(Source records)
********************
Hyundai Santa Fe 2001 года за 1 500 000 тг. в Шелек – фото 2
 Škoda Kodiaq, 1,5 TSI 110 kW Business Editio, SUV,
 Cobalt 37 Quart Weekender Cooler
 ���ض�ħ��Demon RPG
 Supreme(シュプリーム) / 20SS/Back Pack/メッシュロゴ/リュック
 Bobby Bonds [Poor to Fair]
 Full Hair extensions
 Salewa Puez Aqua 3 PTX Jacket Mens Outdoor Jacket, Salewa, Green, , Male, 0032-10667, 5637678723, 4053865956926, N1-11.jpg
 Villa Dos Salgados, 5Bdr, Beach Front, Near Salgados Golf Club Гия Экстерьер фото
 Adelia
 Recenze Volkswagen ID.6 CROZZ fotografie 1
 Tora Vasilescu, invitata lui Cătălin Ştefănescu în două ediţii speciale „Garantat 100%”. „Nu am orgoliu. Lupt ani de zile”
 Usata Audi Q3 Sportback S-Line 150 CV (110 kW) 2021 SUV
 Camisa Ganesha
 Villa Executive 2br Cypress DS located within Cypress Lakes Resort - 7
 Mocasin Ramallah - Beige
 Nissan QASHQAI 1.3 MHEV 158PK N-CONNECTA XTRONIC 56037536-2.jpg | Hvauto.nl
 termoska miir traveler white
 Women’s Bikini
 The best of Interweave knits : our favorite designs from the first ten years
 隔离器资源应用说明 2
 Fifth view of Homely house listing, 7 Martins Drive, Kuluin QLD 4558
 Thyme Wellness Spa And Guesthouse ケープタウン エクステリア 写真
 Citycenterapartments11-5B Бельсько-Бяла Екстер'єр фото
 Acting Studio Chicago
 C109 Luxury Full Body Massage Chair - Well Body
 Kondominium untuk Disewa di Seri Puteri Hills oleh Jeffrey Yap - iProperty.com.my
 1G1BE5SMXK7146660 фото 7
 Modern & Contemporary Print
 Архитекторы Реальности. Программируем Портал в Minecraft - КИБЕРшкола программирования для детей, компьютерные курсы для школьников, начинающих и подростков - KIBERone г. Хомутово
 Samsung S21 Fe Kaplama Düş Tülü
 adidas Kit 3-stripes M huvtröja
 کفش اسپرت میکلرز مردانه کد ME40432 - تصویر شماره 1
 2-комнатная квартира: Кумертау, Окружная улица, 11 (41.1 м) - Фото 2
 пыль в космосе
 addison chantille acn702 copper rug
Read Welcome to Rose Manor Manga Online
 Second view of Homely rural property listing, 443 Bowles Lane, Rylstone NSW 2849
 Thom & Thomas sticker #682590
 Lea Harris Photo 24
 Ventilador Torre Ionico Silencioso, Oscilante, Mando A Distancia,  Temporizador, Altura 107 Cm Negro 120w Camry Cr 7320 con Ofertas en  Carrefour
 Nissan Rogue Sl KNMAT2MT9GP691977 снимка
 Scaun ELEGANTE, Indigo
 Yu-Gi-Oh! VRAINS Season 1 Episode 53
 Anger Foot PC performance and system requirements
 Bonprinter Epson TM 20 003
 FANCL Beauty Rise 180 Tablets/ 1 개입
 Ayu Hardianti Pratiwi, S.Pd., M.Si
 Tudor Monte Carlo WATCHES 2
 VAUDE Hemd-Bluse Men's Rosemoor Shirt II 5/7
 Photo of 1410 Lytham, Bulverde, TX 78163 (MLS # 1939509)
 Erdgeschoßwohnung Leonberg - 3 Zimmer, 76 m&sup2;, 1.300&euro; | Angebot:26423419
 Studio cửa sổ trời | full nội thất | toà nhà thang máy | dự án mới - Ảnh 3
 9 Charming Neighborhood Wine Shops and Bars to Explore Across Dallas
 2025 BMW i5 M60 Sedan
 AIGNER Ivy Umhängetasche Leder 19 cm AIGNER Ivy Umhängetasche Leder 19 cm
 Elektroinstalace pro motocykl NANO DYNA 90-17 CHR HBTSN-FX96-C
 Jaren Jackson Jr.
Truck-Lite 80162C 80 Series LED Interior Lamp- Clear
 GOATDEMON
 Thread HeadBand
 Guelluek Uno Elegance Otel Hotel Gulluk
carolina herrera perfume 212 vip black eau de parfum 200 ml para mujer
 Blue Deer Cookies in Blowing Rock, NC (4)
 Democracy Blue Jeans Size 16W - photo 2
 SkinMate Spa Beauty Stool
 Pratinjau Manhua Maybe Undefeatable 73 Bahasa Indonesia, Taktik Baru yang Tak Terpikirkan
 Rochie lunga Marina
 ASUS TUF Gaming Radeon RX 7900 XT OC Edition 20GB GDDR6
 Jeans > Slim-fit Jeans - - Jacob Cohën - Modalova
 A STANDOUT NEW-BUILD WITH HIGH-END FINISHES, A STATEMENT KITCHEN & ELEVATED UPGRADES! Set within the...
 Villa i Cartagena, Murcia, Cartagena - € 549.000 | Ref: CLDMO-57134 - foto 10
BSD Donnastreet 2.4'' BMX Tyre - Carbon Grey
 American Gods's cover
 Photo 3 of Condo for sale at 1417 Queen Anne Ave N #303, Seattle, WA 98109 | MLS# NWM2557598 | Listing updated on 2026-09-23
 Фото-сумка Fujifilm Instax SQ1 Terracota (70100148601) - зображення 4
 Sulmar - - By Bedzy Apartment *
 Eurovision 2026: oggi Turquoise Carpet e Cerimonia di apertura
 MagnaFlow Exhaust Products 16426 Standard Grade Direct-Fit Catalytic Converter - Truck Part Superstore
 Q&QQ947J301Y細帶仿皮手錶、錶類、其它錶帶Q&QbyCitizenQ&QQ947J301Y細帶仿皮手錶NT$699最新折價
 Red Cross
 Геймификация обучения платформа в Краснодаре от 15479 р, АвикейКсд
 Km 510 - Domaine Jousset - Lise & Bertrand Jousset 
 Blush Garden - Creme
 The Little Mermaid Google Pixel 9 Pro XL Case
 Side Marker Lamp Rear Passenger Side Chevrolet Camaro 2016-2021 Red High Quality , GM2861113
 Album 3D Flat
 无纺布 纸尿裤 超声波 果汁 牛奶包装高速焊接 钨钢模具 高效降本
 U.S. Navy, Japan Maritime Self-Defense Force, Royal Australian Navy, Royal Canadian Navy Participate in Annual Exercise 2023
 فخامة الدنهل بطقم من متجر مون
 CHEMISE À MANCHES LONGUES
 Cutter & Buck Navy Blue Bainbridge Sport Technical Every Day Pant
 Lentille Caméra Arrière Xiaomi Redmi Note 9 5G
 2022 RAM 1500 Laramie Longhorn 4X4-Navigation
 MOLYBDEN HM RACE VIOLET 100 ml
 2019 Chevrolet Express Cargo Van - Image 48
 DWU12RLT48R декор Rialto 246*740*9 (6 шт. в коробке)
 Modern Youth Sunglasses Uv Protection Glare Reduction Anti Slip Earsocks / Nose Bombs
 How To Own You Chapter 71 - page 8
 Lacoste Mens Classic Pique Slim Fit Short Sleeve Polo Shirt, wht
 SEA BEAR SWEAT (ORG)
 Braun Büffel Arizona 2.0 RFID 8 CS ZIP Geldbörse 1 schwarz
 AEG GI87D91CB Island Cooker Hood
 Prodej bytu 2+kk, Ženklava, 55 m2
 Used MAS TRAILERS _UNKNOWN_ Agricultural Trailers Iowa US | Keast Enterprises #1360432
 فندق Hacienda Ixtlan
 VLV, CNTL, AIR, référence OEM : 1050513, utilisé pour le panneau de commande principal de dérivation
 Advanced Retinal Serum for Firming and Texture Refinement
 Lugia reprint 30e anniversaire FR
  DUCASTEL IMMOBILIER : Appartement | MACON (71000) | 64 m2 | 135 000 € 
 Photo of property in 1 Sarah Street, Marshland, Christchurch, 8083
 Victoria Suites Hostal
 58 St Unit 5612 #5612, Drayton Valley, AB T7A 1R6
********************
● What the task asks: Your output must contain exactly the lines from the one containing "DUCASTEL IMMOBILIER : Appartement" to the final line of the data above, and no other text.

● Exercise response:
  DUCASTEL IMMOBILIER : Appartement | MACON (71000) | 64 m2 | 135 000 € 
 Photo of property in 1 Sarah Street, Marshland, Christchurch, 8083
 Victoria Suites Hostal
 58 St Unit 5612 #5612, Drayton Valley, AB T7A 1R6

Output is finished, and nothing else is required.